I’m a few chapters into the recent film Arrival. (I intend to finish watching over the next two weeks so if you’ve seen it and are going to see me, please: no spoilers!)
The story begins with Dr. Louise Banks, a linguistics college professor who’s in class the day that 12 giant pods from an extraterrestrial civilization touch down at random points around the world. The US military recruits Banks to interpret communications from the visitors, and so she joins technicians and scientists in the US and in other countries to engage the aliens, parse their responses,and figure out what they’re doing on Earth.
Early on in the story, Dr. Banks and her scientist colleague Ian Donnelly banter about Edward Sapir and Benjamin Whorf, two linguists whose work is often collapsed into the phrase “the Sapir-Whorf hypothesis.”
This so-called hypothesis is a network of 20th Century neurolinguistic theories codified and even strawmanned after Sapir’s and Whorf’s death. They didn’t formulate it together, and researchers disagree on whether they formulated at all, but the hypothesis named after them includes the ideas that language shapes or even determines cognition, and linguistic differences between groups (especially cultures) represent cognitive differences between them.
In the original researchers’ words:
We cut nature up, organize it into concepts, and ascribe significances as we do, largely because we are parties to an agreement to organize it in this way—an agreement that holds throughout our speech community and is codified in the patterns of our language. The agreement is, of course, an implicit and unstated one, but its terms are absolutely obligatory; we cannot talk at all except by subscribing to the organization and classification of data which the agreement decrees.” —Benjamin Whorf
It is quite an illusion to imagine that one adjusts to reality essentially without the use of language and that language is merely an incidental means of solving specific problems of communication or reflection. The fact of the matter is that the ‘real world’ is to a large extent unconsciously built upon the language habits of the group.” —Edward Sapir
These ideas have attracted counterarguments and criticisms since the 1930s and 1940s when Sapir and Whorf published and the skeptics have ground to stand on.
It must not be entirely impossible for people to communicate across language groups or conceptual differences. Though we may struggle when we try, we do actually do it, and we do it every day.
None of us perceives colors in the same way, but we can still have transcendent moments with others about an vivid rainbow.
Twenty-eight Adventists describing the denomination’s 28 “fundamental beliefs” would offer as many distinct interpretations of these beliefs as people in the room. Despite these variations, we’d still share the category “Adventist,” as well as some common practices inspired by our tradition.

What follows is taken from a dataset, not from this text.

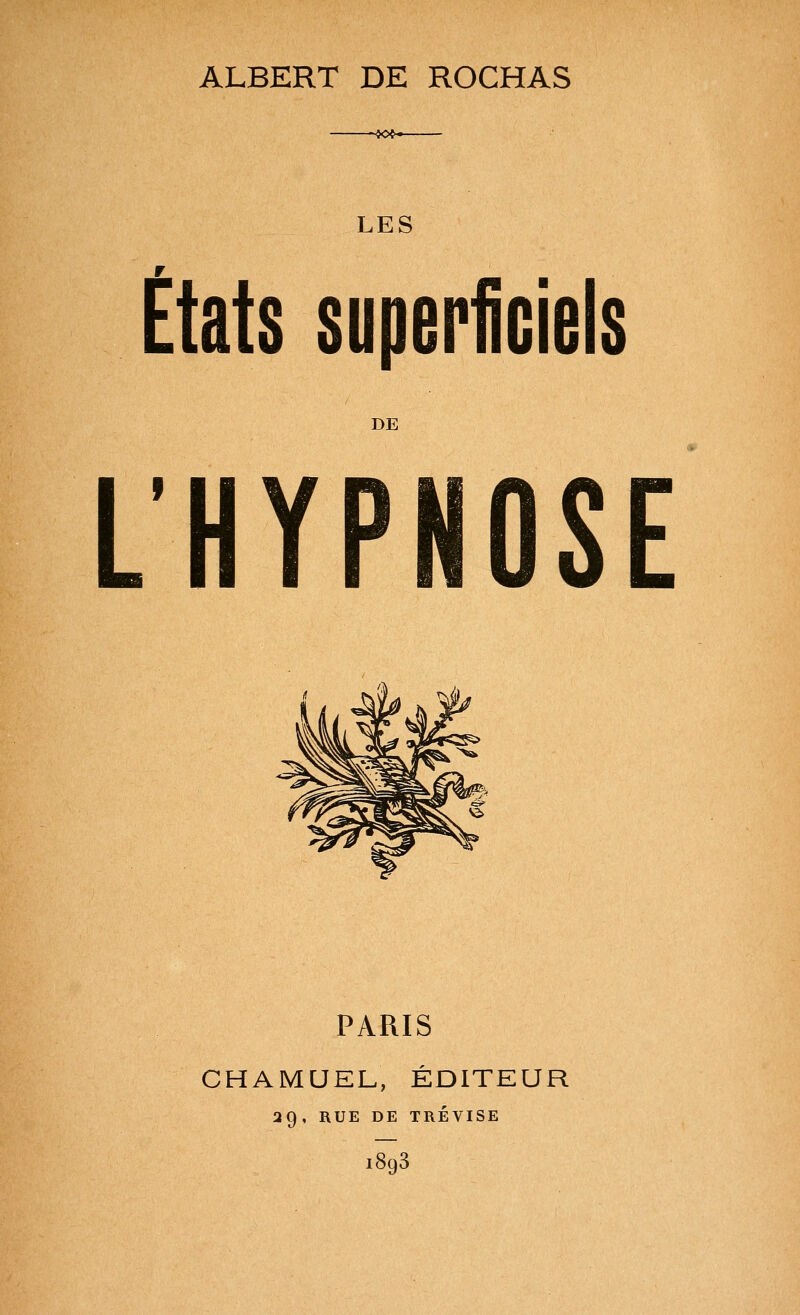 ALBERT DE ROCHAS -404- LES Etats superficiels DE L'HYPNOSE PARIS CHAMUEL, ÉDITEUR ag, RUE DE TRÉVISE 1893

What Arrival does is represent language as a portal into thought. Inky circles with tails and flecks represent complex meanings and not a mere transcription of sound. Its characters interpret this graphic language and the creatures who use it, and suggest that my cultures’ language, symbols, and structure have sculpted me too.

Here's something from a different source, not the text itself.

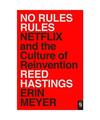 No Rules Rules: Netflix and the Culture of Reinvention, Reed Hastings, Erin Meye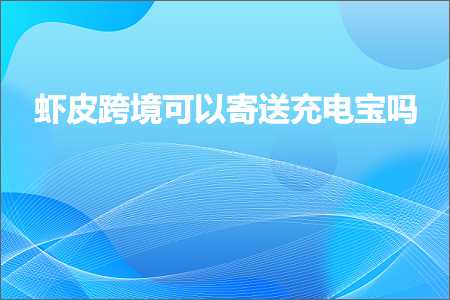 跨境电商知识:虾皮跨境可以寄送充电宝吗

These matters apply to much more than formal language group. They apply to culture, which is why multicultural communities are often so rich in both creativity and conflict. They also apply to professional and disciplinary communities: contemporary business and military writers now encourage workers to form cross-function teams and teams-of-teams to ensure that they don’t silo either information or organizational meanings.
It’s so easy to take much about the communication process for granted, including how our primary languages lock us into specific ways of thinking and articulating. What more I might learn about people, about life, or even about myself, from studying graphic languages and other symbol systems unlike my native tongue?